The Squarespace ad is the second commercial for the brand involving Scorsese, with the auteur appearing alongside daughter Francesca Scorsese for a previously-released “making of” spot that showed the concept behind “Hello Down There.”

“A 30-second film is much harder because each scene is like a second, maybe?” Scorsese said in the commercial. “The main character happens to be a website. Now, the thing is, I don’t really know what a website is or what it thinks about, what it cares about, if it cares about anything at all.”

He added, “I need to sort of get inside the sense of what a website is.”

Scorsese also helmed an upcoming Timothée Chalamet and Havana Liu Rose Chanel commercial, with Francesca serving as creative director. The father-daughter duo are set to release a book with A24.
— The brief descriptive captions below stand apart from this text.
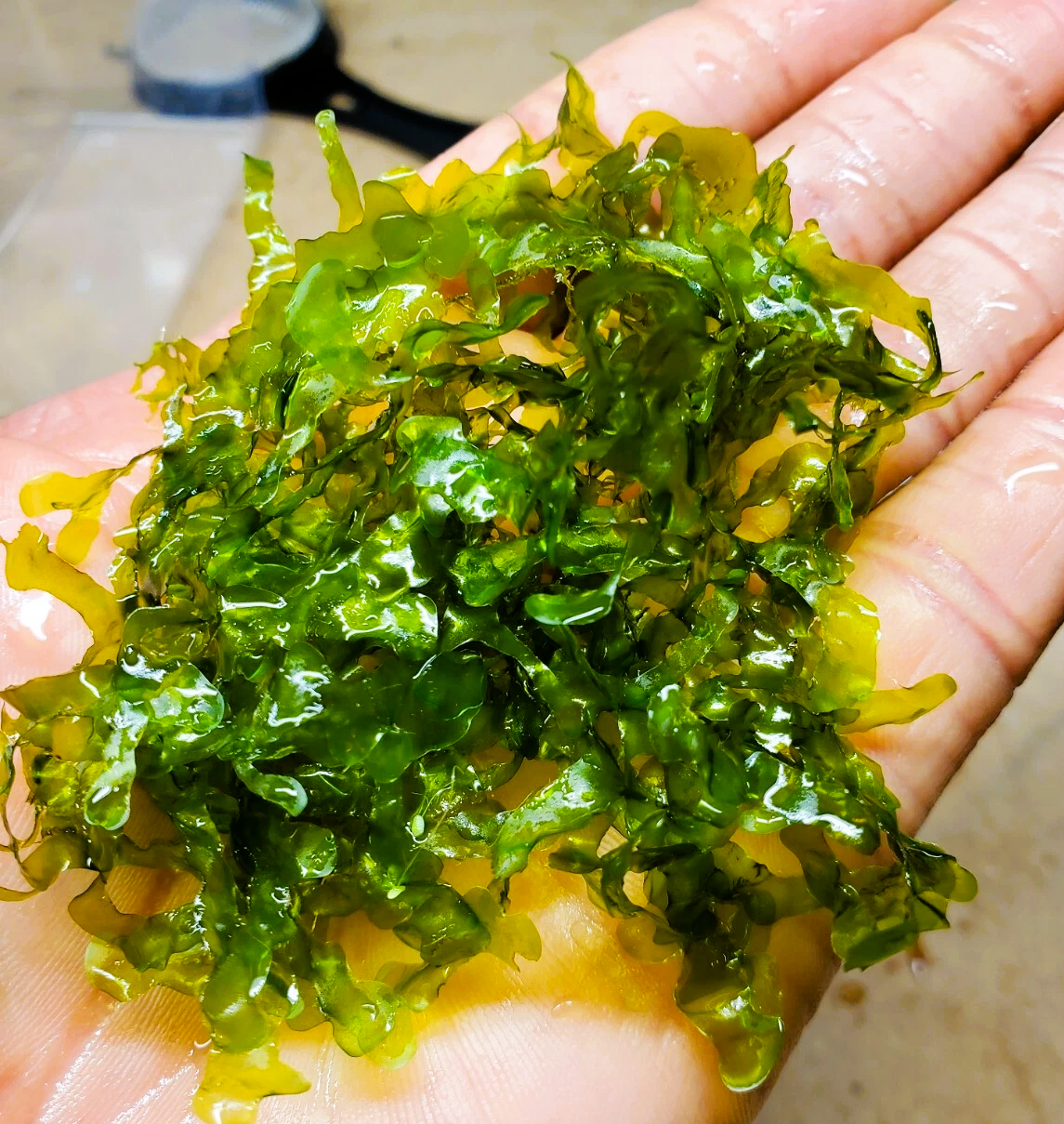 Subwassertang Portion - 20 Grams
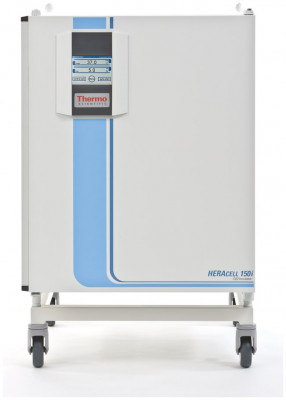 Heracell 150i with stainless steel inner chamber, 120V, 50/60Hz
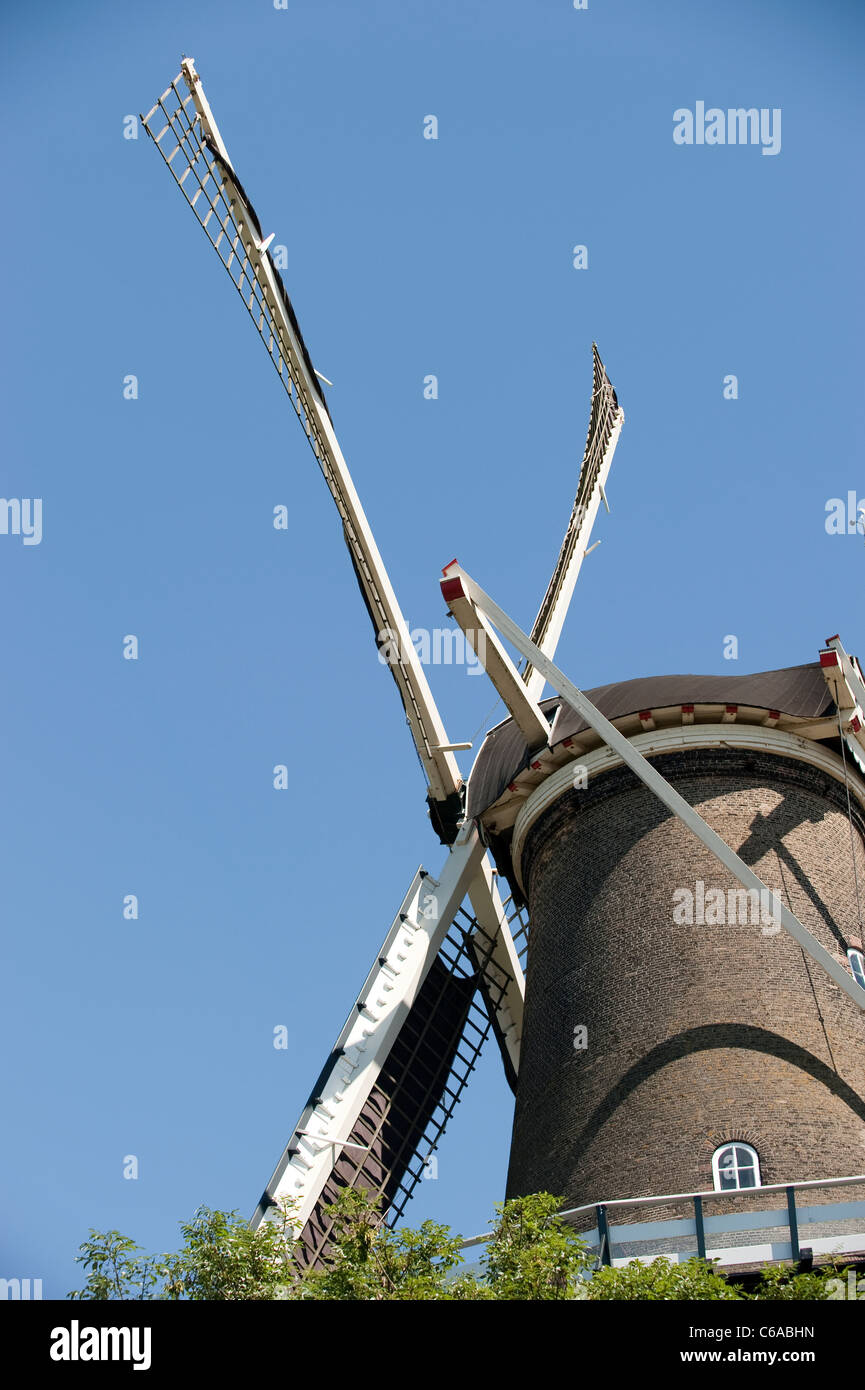 Il Vecchio Mulino a vento olandese Leiden Paesi Bassi Olanda Europa Foto Stock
The “Departed” director formerly said in a behind-the-scenes look at the highly-anticipated Chanel ad that helming a commercial is an “intense” process.

“To think in terms of telling a story in 60 seconds, it doesn’t matter how long you’ve been making pictures and how long you’ve been trying to tell stories, this is a real workout,” Scorsese said. “It is probably the most difficult thing to do.”

Scorsese’s next film was announced to be an 80-minute movie titled “A Life of Jesus.” Scorsese assured in an interview with The Los Angeles Times that the film will not “proselytize” but instead focus on “Jesus’ core teachings in a way that explores the principles” of Christianity.

“I’m trying to find a new way to make it more accessible and take away the negative onus of what has been associated with organized religion,” Scorsese said. According to the L.A. Times, Scorsese “plans to shoot it later this year” in 2024.